Element-web: "Unable to decrypt: The sender's device has not sent us the keys for this message." (The UISI bug)

Created on 19 Jan 2017 · 13Comments · Source: vector-im/element-web

This message (or, less often, the closely related "OLM.UNKNOWN_MESSAGE_INDEX") can be caused by a number of things. This bug serves as a reference to the reasons we know about.

You logged into your device, or joined the room, after the message was sent. This is sort-of by design, though #2258, #2286 and #2713 are relevant.
The sender has blacklisted your device. This is definitely by design, though see #3831 for improving visibility on this.
The keys haven't arrived yet. Patience you must have.

Client-specific bugs:

~~#2325~~ [olm is racy when riot-web is used in multiple tabs]
#3309 (also on android/ios) [We can still throw away one-time keys which have messages in-flight]
#2783 (also on android/ios) [prioritise established olm sessions over half-open ones]
#3231 (also on android/ios) [different devices with the same curve25519 key confuse the olm layer]
https://github.com/vector-im/riot-web/issues/4216 / https://github.com/vector-im/riot-android/issues/1289 / https://github.com/vector-im/riot-ios/issues/1256 [We throw away all our one-time-keys and replace them with new ones]
~~#4983~~ / matrix-org/matrix-ios-sdk/issues/340 / vector-im/riot-android#1603 [yet another device list sync bug]
~~#5001~~ (fixed riot-web 0.12.5) [race in decryption]
~~#2672~~ / ~~#2305~~ / ~~#3796~~ / ~~vector-im/riot-ios#955~~ (fixed riot-ios 0.5.0) / ~~vector-im/riot-android#863~~ (fixed riot-android 0.6.10) [racy device list sync]
~~#2782~~ [process incoming messages before uploading new keys]
~~#2273~~
~~#2562~~
~vector-im/riot-android#799~ (fixed, but you may still have broken Olm sessions because of it)
~vector-im/riot-android#1209~ (fixed in riot-android 0.6.10, but you may still have broken Olm sessions because of it)

Protocol/server things:

#3187
matrix-org/synapse#2165
#3754
#3822
#3868
#3846 [sometimes the sending device doesn't seem to know about some users in the room] (hopefully will be fixed by state resets)?
~vector-im/riot-android#1208~ (fixed in synapse v0.21.0-rc3)
~matrix-org/synapse#2418 (joins can seed from servers with stale state)~
#6989 Device lists can get out of sync

Unexplained:

~~#2711~~

bug meta p1 critical e2e

Source

richvdh

👍28

Most helpful comment

For anyone reading this looking for a workaround, the best advice currently is that if you suddenly find yourself unable to decrypt messages from someone, ask them to open up your contact details on their client.
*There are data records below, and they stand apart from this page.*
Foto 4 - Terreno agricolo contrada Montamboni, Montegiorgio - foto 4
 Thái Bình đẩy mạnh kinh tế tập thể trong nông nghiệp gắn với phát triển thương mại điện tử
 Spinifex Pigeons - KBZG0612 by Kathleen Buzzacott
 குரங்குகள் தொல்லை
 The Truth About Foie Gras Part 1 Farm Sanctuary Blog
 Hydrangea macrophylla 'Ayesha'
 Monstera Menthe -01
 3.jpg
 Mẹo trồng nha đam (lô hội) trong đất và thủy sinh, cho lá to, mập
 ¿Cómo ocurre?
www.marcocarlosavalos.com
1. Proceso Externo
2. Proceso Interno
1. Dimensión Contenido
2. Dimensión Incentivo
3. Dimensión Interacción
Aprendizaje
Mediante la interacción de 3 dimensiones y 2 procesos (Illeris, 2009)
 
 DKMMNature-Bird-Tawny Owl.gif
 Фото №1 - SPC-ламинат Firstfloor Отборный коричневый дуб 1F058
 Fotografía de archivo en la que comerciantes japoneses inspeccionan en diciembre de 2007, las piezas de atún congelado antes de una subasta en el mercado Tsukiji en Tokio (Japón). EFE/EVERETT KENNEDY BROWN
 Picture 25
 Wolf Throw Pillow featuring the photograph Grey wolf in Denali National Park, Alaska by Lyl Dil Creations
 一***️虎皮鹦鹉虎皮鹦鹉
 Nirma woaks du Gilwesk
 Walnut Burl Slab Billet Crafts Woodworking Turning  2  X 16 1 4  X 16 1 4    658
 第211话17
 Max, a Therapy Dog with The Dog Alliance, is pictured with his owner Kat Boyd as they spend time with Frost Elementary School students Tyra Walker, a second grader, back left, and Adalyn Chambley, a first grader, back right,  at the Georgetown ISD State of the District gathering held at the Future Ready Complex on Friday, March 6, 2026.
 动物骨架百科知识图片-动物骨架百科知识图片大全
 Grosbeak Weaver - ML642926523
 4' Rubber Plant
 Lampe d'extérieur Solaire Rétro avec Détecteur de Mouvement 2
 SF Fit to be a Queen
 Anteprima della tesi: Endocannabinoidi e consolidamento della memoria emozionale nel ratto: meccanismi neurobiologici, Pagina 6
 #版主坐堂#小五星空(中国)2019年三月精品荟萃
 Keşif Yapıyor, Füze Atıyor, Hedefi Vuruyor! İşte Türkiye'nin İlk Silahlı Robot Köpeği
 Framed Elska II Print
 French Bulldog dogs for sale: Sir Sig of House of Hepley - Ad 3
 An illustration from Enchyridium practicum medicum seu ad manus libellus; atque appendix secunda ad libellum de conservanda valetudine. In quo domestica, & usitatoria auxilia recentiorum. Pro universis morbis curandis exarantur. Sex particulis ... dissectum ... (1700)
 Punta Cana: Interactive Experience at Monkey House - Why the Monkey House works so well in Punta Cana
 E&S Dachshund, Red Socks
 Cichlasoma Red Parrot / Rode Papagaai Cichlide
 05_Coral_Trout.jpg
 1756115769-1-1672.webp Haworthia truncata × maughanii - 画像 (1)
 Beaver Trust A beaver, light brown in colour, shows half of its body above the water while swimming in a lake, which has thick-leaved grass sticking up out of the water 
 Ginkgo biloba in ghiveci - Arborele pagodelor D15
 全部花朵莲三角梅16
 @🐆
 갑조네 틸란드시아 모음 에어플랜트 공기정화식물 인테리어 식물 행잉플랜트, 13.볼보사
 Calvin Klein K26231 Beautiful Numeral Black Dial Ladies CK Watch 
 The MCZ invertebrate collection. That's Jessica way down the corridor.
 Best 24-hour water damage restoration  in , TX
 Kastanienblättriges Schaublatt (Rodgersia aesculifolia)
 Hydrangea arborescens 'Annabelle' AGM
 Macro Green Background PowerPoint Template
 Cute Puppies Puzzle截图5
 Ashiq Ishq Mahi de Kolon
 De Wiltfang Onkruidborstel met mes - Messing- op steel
This should force their Riot to resync its copy of your device list, increasing the chance that the next message sent will actually be encrypted for your current device.

If this doesn't work, you have no choice but create a new room (or worst case, export your session keys, logout, login and import your session keys), until the workaround in #3553 is implemented (or this meta-bug is finally closed up)

ara4n on 2 Apr 2017

👍3

All 13 comments

ara4n on 2 Apr 2017

👍3

Making forward progress on this requires either @richvdh to hop back into it, or for him to hand over to somebody else.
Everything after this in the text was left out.